Letztendlich hat es der "Teichbauer" vergeigt.....keine sinnvolle Möglichkeit der Filterung vorbereitet und nett tonnenweise groben Kies drumherum verteilt.
Schließe mich digicat´s Meinung an:
https://www.hobby-gartenteich.de/xf/threads/grünalgen-nehmen-über-hand.46766/


----------



## mpreis (10. Apr. 2017)

Hallo ThorstenC

unser Teich ist ein Schwimmteich der Kategorie II, d.h. Skimmer mit Umwälzpumpe ohne Filter u. dgl. - das umgewälzte Wasser wird dann an 2 Stellen gegenüber des Skimmers wieder eingespült. 

Größe ca. 95 m², Wassertiefe im Schwimmbereich 2,1 Meter

Im Regenerationsbereich wurde Lehm ausgebraucht und dieser dann mit gewaschenem Kiesel bedeckt. Die Kieshöhe würde ich auf ca. 5 bis max. 10 cm schätzen.

Den Kies habe ich im Herbst mit dem Schlammsauger von überschüssigem Schlamm so gut wie möglich befreit.

Macht es Sinn gewisse Wasserwerte zu bestimmen? Ich frage so blöd, weil ich selber keine Ahnung von den Sollwerten bzw. den zu messenden Werten habe ...


----------



## ThorstenC (10. Apr. 2017)

Du musst sicherlich viel Wasser nachfüllen...es ist ratsam das Nachfüllwasser (Brunnen, Trinkwasser) mal einzuschicken und testen zu lassen.
Dem Wasserversorger....würde ich nicht das Wasser meines privaten Brunnen zusenden...keine schlafenden Hunde wecken...
Von Wassertests und Werten habe ich keine Ahnung- mich nicht befasst.

Mein Teich wird auch gerade grün (er) ist normal. Ich kann aber auf Knopfdruck 80W UV- Brenner dazuschalten, wenn ich mag.
Aber ich habe auch die Technikvariante von Teich.....

Dein Skimmer saugt vorne an und pustet das ungefilterte Wasser wieder am anderen Ende rein?

Das wäre eine technische "Glanzleistung"....

Wenigstens ist die Frage mit dem Pflanzsubstrat geklärt- lehmhaltiger Sand ist erste Wahl.


----------



## mpreis (10. Apr. 2017)

Das Wasser wurde vor der Erstbefüllung getestet und für okay befunden.

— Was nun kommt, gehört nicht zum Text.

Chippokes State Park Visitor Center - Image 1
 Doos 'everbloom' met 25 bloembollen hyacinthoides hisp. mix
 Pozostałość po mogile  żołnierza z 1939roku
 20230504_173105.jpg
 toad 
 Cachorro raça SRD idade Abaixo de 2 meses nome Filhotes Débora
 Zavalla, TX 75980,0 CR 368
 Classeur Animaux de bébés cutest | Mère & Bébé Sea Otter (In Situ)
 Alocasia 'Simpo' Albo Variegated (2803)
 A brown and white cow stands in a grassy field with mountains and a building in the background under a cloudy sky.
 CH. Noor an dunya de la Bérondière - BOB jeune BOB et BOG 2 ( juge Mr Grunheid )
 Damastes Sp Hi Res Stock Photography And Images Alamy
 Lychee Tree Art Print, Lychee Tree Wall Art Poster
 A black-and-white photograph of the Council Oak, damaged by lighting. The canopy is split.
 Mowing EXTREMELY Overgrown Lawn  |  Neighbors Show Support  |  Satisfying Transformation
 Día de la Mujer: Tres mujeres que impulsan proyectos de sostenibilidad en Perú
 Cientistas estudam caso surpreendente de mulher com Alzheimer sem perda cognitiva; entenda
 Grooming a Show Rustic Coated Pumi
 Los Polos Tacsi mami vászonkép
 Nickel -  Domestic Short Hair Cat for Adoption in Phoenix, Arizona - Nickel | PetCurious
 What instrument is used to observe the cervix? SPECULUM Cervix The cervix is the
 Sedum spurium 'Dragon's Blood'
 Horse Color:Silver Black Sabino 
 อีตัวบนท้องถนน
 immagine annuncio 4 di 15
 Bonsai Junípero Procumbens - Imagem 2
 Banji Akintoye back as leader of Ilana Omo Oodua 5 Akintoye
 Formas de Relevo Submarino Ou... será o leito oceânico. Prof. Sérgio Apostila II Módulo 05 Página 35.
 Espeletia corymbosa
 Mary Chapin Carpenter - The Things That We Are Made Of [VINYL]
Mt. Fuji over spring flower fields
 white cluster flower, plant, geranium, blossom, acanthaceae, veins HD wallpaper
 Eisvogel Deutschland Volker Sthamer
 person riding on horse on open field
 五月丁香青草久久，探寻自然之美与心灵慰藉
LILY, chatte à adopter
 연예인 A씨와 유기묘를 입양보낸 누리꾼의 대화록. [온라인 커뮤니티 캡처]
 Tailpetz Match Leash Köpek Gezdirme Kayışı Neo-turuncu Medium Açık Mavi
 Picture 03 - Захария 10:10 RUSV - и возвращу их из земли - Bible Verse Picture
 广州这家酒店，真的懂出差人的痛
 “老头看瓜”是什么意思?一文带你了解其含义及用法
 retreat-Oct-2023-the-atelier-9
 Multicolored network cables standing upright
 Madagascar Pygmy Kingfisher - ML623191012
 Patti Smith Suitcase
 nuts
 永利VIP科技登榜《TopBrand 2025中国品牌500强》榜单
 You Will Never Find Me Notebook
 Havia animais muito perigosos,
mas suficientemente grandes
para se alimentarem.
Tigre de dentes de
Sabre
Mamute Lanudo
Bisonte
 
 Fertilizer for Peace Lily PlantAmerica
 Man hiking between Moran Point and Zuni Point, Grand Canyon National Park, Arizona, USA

Ja, das Wasser wird ungefiltert wieder reingepustet wie du es ausdrückst ... es gibt nur eine Oberflächenreinigung durch ein Gittersieb welches im Skimmer angebracht ist.

Meines Wissens ist bei Kategorie II auch keine andere Form der Reinigung vorgesehen, aber ich kann da auch falsch liegen, da ich Laie bin.


----------



## anz111 (10. Apr. 2017)

Servus!
Dass dein ST nach den ersten warmen Tagen grün ist, ist ja sowas von normal!
Ein Kat. 2 Teich benötigt 50 Prozent Pflanzzone und BITTE ja keinen Dünger hineinschütten. Besser mehr Pflanzdiversität herstellen. 
Das Problem mit ungefiltertem Teichwasser hatte ich auch. Ich versuch das grade durch Einbau eine Bogensiebs zu beseitigen. 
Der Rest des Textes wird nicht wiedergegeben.